Once upon a time the US postal service offered an M-Bag rate specifically for books and other printed materials. When I returned to Australia from the US, I shipped about half a dozen archive box sized boxes of books, journals etc sea mail ... One large archive box fit into a mailbag, and met both the min and max weight limits.

At the time it was the most economical way to move a library from the US to an international destination.

If it is still offered, it might be suitable for a comic collection. But not for what I assume are collectable toys.


----------



## Bevdeforges

As far as I know, there is no longer any sort of special "book rate" for shipping books or other printed material overseas. Though, as always, it would pay to ask. Otherwise, you pack your various collections in with the other stuff you are planning on shipping over to your new home.


----------



## Moulard

According to the USPS Mail Manual it still exists...but it looks like they now only offer Airmail and Surface Airlift.
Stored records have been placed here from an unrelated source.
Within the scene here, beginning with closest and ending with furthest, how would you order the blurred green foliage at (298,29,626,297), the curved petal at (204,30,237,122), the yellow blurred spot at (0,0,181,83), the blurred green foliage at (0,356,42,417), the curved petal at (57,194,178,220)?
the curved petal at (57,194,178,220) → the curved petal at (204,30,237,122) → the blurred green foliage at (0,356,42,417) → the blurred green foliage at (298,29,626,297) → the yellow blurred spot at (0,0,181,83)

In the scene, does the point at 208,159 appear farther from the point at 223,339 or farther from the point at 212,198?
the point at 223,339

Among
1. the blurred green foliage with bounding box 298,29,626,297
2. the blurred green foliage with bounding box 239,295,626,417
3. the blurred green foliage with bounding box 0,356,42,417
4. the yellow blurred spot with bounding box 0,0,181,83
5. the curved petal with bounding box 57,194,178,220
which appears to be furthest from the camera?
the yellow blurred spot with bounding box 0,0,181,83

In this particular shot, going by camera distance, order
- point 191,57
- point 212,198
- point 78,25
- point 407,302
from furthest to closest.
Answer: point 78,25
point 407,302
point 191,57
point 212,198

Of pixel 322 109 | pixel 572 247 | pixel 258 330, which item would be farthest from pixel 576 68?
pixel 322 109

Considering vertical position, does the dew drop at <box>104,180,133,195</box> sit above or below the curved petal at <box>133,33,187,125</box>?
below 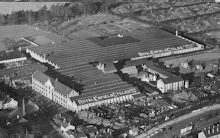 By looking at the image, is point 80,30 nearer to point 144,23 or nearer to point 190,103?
point 144,23

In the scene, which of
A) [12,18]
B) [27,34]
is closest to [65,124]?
[27,34]

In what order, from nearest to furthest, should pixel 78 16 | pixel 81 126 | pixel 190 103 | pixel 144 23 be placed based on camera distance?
pixel 81 126 < pixel 190 103 < pixel 144 23 < pixel 78 16

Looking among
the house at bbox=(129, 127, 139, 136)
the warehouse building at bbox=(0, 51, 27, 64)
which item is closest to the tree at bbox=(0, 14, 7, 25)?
the warehouse building at bbox=(0, 51, 27, 64)

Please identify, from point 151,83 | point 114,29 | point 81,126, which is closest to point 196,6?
point 114,29

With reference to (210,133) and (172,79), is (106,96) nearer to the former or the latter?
(172,79)

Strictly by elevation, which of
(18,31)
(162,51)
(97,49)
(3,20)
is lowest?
(18,31)

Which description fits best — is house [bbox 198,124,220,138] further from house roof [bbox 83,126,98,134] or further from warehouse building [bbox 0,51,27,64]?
warehouse building [bbox 0,51,27,64] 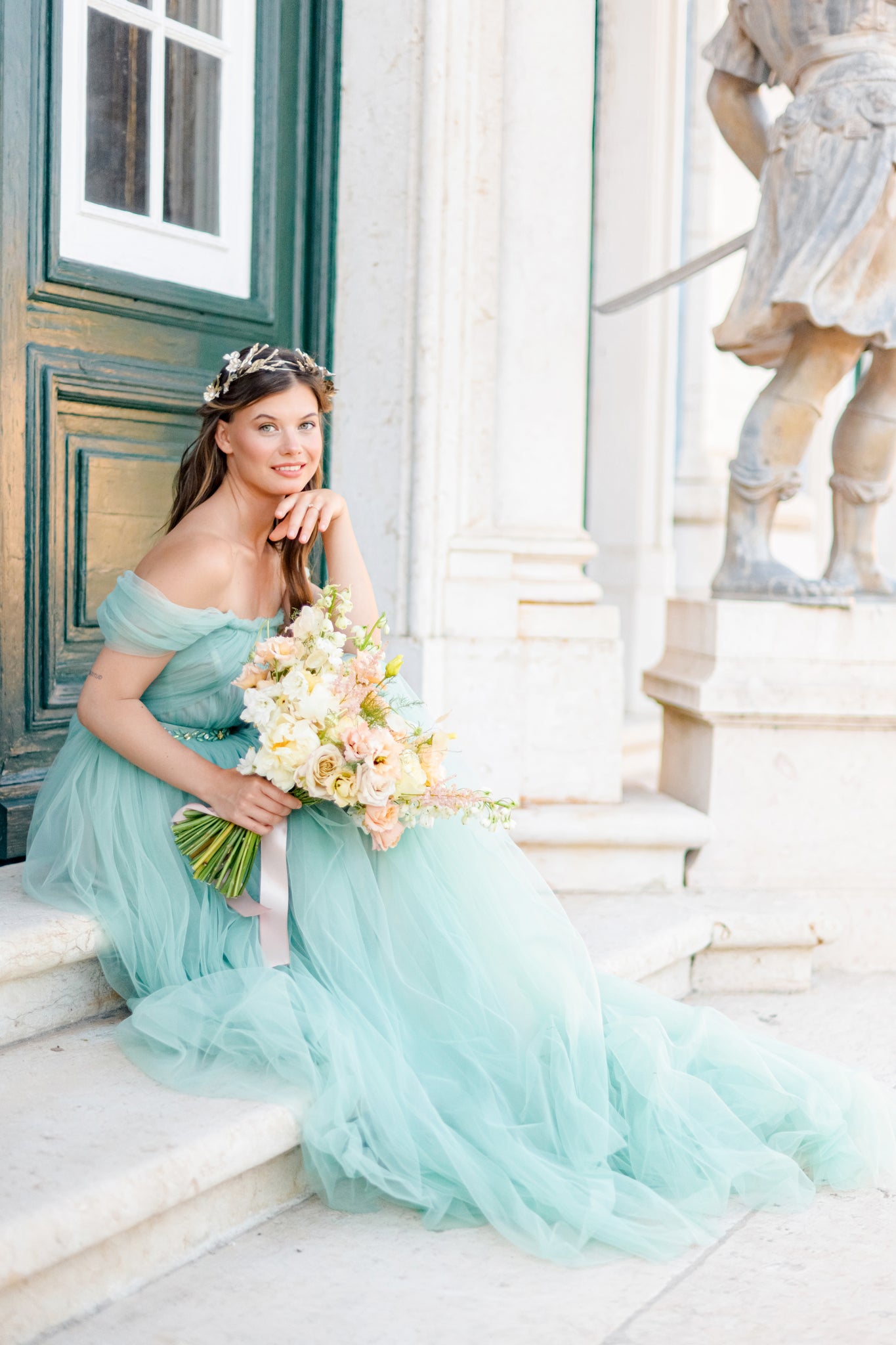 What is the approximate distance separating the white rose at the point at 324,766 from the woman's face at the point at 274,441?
0.62 meters

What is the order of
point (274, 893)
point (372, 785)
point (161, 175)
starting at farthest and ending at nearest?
point (161, 175), point (274, 893), point (372, 785)

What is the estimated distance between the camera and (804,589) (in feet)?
12.0

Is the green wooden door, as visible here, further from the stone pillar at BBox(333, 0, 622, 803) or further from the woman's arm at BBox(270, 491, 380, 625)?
the woman's arm at BBox(270, 491, 380, 625)

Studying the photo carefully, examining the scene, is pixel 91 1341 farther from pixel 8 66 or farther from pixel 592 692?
pixel 8 66

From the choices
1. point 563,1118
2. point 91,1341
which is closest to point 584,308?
point 563,1118

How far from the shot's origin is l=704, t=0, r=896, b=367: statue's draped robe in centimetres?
339

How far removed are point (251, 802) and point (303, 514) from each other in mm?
598

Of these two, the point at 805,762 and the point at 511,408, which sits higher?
the point at 511,408

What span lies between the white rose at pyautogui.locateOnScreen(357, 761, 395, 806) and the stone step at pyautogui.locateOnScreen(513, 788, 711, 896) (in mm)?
1389

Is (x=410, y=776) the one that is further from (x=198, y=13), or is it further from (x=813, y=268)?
(x=198, y=13)

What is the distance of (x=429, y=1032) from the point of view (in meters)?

Depending on the volume and value SAL may or may not be economical .





__





260 Direct Sacks of Printed Matter to One Addressee (M–bags) | Postal Explorer







pe.usps.com









__





Loading…






faq.usps.com





Even 20-odd years ago, the person at the counter had never heard of it, and I had to speak to the postmaster.


----------



## Harry Moles

God, I did that once in the mid-90s. It was horrible dragging a 30kg sack of books across town and up four flights of stairs, but it was cheap.


----------